[Web page caption snippets]
▼

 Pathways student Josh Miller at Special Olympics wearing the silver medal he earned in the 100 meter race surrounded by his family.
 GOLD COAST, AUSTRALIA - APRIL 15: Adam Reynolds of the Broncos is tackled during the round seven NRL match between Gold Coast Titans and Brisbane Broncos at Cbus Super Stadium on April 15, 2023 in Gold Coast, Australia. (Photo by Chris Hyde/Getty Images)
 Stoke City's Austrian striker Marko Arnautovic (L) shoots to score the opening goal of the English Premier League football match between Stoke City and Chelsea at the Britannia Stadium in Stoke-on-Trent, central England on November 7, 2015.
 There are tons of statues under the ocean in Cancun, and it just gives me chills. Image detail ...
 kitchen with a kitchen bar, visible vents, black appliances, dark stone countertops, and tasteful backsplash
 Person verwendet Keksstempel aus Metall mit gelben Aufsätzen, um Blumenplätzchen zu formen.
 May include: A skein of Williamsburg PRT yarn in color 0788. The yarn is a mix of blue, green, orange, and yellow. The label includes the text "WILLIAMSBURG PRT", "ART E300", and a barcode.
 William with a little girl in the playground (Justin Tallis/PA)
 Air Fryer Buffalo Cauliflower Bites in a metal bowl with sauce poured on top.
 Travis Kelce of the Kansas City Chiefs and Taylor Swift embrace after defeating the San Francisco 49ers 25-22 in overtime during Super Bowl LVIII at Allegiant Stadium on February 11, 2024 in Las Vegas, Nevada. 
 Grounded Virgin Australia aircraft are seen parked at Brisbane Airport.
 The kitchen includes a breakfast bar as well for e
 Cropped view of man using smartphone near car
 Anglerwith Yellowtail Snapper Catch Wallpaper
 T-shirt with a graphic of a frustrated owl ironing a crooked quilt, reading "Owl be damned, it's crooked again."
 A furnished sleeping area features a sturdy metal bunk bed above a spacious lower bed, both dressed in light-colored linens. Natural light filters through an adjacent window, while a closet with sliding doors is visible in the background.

▲

-- WHAT YOU WILL DO --
Counting only lines above that contain the string "kitchen", report how many there are and write nothing further.

-- SOLUTION --
2